From the Association of International Educators (NAFSA) for Tuesday, May 26. Professor Muhammad Yunus will speak at the event between 4:15 and 6:00pm:
Open to All Registrants The visionary founder of the Grameen Bank, Professor Muhammad Yunus leads a global network aimed at ending poverty around the world. Recognized alongside the bank "for their efforts to create economic and social development from below" with the 2006 Nobel Peace Prize, his ideas couple capitalism with social responsibility and have changed the face of rural economic and social development forever.
As a Fulbright Scholar at Vanderbilt University, Professor Yunus received his Ph.D. in Economics in 1969. Later that year, he became an assistant professor of Economics at Middle Tennessee State University, before returning to Bangladesh where he joined the Economics Department at Chittagong University.
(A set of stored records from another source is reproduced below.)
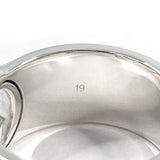 GUCCI Ring Interlocking G Silver925 #US 8 1/4 Silver mens Second hand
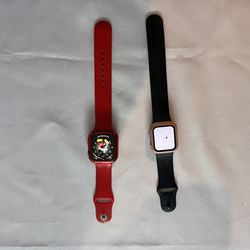 2 Apple Watch 6 Series And Se For Sale 
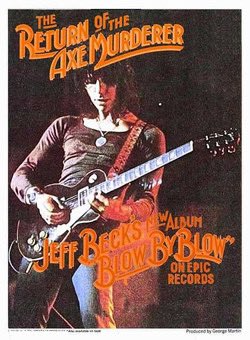 昼休みの1枚...

ギター殺人者の凱旋/ジェフ・ベック
1975年　Epic ECPO-39 国内オリジナル盤

唸る。泣く。炸裂する。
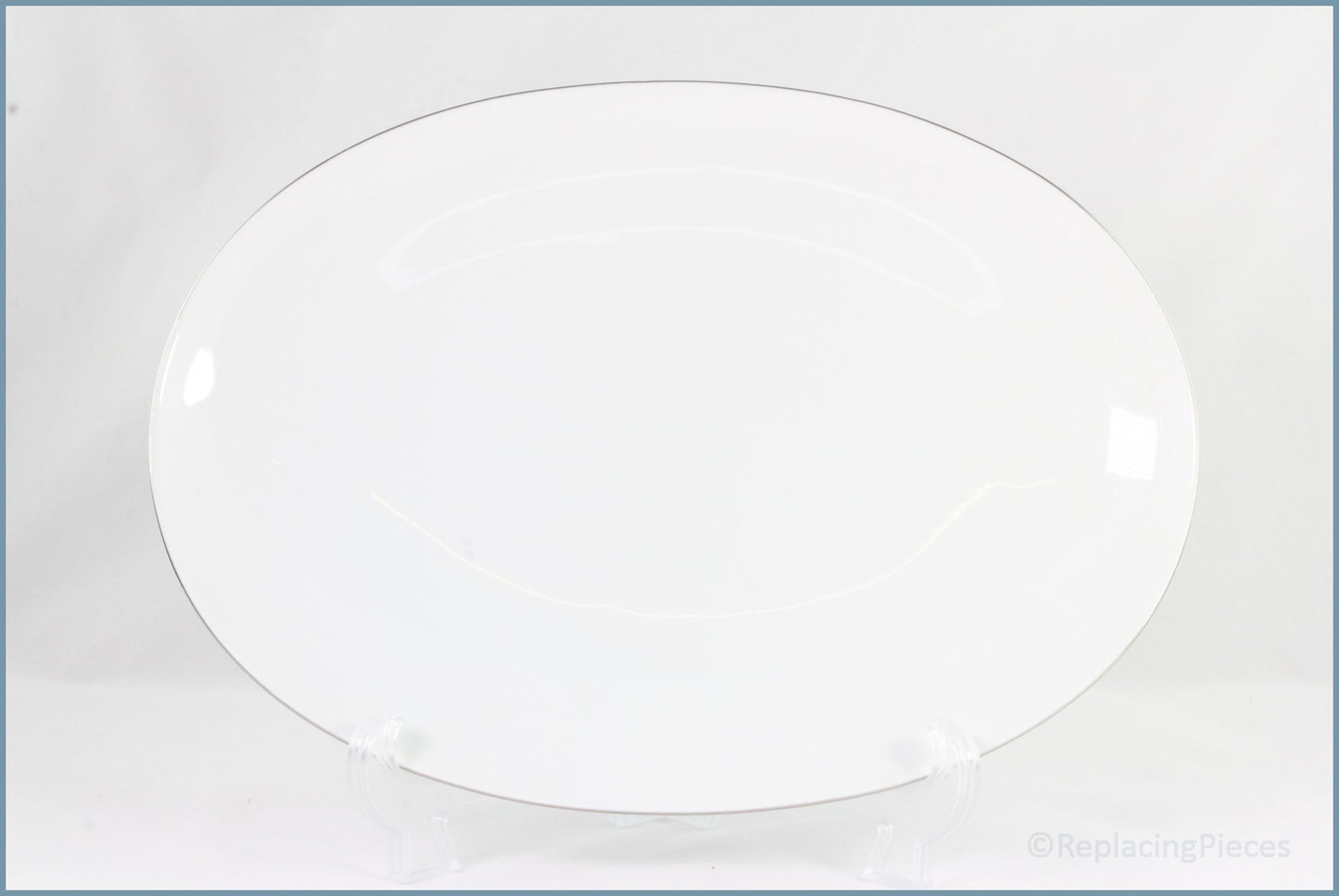 Thomas - Medaillon Platinum - 13" Oval Platter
Professor Yunus is responsible for many innovative programs benefiting the rural poor. In 1974, he pioneered the idea of Gram Sarker as a form of local government based on the participation of rural people, which was adopted by the Bangladeshi government in 1980. In 1978, he received the president's award for his work on Tebhaga Khamar, a system of cooperative three-share farming embraced by the Bangladeshi government in 1977. He received the Independence Day Award, Bangladesh's highest honor, in 1987.
Professor Yunus's work has led to his appointment to several United Nations commissions and advisory groups—especially those dealing with women's economic empowerment. Yunus has also worked with many organizations dealing with education, population, health, disaster prevention, banking, and development programs. Professor Yunus sits on the International Council of Ashoka Foundation, the global network of social entrepreneurs, and is a member of The Elders, a group of global peacemakers organized by Nelson Mandela.
An accomplished writer, Professor Yunus is the author of Banker to the Poor: Micro-Lending and the Battle Against World Poverty and Creating a World Without Poverty: Social Business and the Future of Capitalism.